Question on the definition of vector spaces. My question is perhaps useless, but I want to shed some clarity on this matter.
I'm bothered by people that say a vector space is a "bunch of vectors". Or that a vector space "consists of vectors"/"is the set of vectors".
I think it makes more sense to say that a vector space of n-dimensions is an n-dimensional space (whatever a space is exactly, IDK), that contains all possible n-dimensional vectors, and that if one operates with them via addition and scalar multiplication, you don't jump out of that space (i.e. you stay within that space).
I don't like to say that this space is made up of vectors, or consists of them. I'm just confused about what those statements even mean.
Could anyone tell me what people mean by saying that it consists of vectors or that a vector space is just a set of vectors?
Thanks.
 A: If you think about the axioms of a vector space and think about them algebraically you  can see that a vector space is a set $S$ with a binary operation of vector addition which gives $S$ the structure of an abelian group, and a binary operation of scalar multiplication by elements of a field $F$ is "compatible" with the group structure (distributive, associate, identity). This gives $S$ the structure of a module over $F$, and as $F$ is a field this is just another way of saying it is a vector space. 
In this sense we often call the elements of $S$ "vectors", so saying a vector space is made up of vectors is, as you suggest, meaningless in some sense, it isn't that the space is made up of some special things called vectors, but rather we just happen to call the elements of $S$ "vectors" to remind us that as we are considering these elements in the context of the vector space structure (and not just as elements of a set). 
Not sure if that helps, as I'm not sure whether you are familiar with groups and modules, but I hope it is a little clearer. 

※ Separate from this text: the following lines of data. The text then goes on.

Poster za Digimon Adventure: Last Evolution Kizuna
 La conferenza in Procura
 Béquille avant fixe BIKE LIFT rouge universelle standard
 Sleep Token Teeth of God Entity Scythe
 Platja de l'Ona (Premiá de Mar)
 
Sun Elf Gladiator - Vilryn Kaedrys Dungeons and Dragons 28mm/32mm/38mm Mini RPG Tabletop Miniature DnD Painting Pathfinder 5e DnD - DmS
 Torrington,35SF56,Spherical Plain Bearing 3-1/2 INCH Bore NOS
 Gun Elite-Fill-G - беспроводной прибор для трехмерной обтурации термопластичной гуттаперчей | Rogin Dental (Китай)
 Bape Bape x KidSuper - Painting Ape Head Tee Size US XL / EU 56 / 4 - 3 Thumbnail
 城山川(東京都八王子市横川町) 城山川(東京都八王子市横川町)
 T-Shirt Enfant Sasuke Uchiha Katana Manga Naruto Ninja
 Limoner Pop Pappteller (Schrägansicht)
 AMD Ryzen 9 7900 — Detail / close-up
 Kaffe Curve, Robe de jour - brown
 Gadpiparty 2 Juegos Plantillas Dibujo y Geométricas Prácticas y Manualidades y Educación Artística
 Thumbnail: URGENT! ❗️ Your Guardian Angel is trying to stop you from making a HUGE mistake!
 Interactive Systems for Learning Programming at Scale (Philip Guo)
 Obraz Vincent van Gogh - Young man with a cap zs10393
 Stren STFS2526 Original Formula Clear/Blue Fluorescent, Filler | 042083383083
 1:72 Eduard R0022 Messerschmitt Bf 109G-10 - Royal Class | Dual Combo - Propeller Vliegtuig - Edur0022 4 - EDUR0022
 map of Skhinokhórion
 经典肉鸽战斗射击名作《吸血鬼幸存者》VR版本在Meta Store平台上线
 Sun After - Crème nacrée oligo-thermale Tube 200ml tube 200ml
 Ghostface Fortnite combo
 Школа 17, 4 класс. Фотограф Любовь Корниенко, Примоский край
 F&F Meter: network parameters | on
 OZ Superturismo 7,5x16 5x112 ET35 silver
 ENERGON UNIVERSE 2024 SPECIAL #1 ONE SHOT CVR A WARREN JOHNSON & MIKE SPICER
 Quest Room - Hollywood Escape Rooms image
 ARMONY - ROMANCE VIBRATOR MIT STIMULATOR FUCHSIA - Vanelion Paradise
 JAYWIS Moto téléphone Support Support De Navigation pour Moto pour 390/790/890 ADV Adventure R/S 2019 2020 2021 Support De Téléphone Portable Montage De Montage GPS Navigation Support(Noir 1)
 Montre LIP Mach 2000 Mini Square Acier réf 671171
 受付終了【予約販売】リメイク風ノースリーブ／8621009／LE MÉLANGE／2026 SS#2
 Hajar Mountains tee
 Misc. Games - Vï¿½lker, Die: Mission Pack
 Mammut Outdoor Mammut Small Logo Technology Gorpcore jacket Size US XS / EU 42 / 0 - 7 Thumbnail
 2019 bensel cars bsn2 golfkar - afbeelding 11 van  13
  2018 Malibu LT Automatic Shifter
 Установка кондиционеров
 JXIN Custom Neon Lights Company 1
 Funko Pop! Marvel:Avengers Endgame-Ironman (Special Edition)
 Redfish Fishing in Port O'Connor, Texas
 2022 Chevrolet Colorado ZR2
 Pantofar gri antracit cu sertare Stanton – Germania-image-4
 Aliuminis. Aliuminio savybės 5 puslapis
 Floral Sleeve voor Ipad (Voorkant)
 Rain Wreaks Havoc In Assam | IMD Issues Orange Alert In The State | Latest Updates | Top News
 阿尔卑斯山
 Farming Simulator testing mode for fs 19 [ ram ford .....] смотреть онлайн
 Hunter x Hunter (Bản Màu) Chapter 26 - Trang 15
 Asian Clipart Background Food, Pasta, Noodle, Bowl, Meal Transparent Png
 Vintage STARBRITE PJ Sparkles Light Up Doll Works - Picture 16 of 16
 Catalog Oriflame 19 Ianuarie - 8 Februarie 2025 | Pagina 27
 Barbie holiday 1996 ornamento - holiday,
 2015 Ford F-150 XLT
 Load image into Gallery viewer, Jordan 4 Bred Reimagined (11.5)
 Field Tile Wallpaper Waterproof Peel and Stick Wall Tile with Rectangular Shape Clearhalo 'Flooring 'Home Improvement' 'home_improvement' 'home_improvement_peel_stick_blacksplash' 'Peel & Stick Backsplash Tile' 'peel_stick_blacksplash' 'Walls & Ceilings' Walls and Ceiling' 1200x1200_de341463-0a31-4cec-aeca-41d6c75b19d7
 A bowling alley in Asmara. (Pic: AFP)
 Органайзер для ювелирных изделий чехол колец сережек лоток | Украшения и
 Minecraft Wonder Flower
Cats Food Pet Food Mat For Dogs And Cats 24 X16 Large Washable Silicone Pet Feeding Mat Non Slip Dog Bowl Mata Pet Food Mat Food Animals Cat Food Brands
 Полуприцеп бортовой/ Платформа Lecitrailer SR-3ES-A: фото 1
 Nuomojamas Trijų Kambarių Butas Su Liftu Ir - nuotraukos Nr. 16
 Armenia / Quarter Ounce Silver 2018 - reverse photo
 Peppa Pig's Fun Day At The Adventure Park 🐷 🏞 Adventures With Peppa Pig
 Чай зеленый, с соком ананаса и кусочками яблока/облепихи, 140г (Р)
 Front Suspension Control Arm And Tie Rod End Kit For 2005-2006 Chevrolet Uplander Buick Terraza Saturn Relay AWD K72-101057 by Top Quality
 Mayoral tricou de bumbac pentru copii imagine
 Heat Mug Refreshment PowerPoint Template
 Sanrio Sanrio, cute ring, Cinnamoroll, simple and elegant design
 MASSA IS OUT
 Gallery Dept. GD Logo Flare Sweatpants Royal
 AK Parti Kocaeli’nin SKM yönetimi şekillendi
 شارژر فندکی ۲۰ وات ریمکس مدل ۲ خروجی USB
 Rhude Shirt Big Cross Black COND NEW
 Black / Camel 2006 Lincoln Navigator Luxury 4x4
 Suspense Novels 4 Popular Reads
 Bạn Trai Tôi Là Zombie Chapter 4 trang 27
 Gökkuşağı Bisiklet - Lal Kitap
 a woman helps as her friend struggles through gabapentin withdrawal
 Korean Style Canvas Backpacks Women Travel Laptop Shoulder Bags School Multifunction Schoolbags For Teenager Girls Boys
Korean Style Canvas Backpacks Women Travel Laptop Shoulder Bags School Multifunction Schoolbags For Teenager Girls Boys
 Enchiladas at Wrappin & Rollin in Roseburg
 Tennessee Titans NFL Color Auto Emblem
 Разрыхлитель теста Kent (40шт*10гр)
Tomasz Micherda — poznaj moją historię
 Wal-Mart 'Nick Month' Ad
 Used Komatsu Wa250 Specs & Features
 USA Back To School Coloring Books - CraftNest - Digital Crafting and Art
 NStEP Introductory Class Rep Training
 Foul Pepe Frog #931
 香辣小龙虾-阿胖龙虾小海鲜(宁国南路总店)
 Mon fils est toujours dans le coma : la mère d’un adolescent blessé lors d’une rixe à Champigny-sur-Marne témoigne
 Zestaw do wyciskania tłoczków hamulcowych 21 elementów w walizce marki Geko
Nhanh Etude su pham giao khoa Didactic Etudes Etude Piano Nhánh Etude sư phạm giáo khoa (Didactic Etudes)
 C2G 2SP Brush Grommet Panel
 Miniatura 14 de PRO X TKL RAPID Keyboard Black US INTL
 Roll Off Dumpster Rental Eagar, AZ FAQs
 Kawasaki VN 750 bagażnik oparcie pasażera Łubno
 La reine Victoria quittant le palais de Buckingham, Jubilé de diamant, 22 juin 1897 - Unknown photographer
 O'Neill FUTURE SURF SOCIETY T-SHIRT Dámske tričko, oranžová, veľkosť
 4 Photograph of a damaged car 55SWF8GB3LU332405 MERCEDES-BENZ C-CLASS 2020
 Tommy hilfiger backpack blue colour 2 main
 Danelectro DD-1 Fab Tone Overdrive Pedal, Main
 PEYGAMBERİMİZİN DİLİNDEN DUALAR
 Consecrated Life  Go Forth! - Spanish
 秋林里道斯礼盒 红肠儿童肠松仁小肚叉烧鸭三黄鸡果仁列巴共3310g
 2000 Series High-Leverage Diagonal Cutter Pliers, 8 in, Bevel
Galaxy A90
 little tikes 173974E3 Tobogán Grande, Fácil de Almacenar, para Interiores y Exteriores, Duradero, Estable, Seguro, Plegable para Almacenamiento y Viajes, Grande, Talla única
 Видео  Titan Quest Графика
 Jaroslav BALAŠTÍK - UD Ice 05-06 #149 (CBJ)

If you are thinking of vectors geometrically, then $S$ is a set consisting  of elements that represent displacements of the space (e.g translations of the Euclidian plane), these displacements are given by a direction and a magnitude, and scalar multiplication on these elements alters the magnitude. In this sense then "vector" is just the same as saying "displacement".
A: Your first encounter with linear algebra can be confusing if you haven't seen a lot of vector arithmetic in physics.  Perhaps think about it this way.  We are quite comfortable with addition, subtraction, multiplication, and division in $\mathbb{R}$.  How do we generalize this arithmetic to pairs of real numbers?  That is, lets define $\mathbb{R}^2$ to be the set of all pairs of two real numbers $(a,b)$.  How should we define addition and subtraction in this case?  The natural choice is to simply add and subtract componentwise: $(a,b)+(c,d)=(a+c,b+d)$, where $(a,b)$ and $(c,d)$ are just two elements of $\mathbb{R}^2$, and indeed this definition is free of any pathologies or "weirdness".  
What about multiplication, though?  We could define $(a,b)(c,d)$ by $(ac,bd)$, in a similar way to addition, but it turns out this is a bad definition.  To see this, consider $(1,0)(0,1)=(0,0)$ by this definition, hence $(1,0)$ and $(0,1)$ wouldn't have multiplicative inverses (division is the same as multiplication by a multiplicative inverse). Since this definition of multiplication doesn't work, we choose the next best thing: multiplication by scalars.  So we can take a real number $\alpha\in\mathbb{R}$ and multiply it by a pair $(a,b)$ to get $(\alpha a,\alpha b)$.
That's what a vector space is (a more mathematically robust definition exists, sure, but I think this intuitive picture will serve you better at this point).  In the case of $\mathbb{R}^2$, its the set of all pairs of real numbers with a notion of addition and the best kind of multiplication we can manage.  By extension, $\mathbb{R}^n$ is the set of all lists of $n$ real numbers $(a_1,a_2,\dots,a_n)$ with addition defined by component-wise addition and multiplication again defined by scalar multiplication.
A: A vector space is a set (with some special properties), so it is a collection of elements. To keep the breadth of vocabulary in check, we all agree to call the elements in a vector space vectors instead of elements. So "a vector space is a collection of vectors" is just defining what a vector is. The term vector space has already been defined without referring to vectors.
You want to come to the table from that perspective, not by imagining a bundle of arrows or anything like that.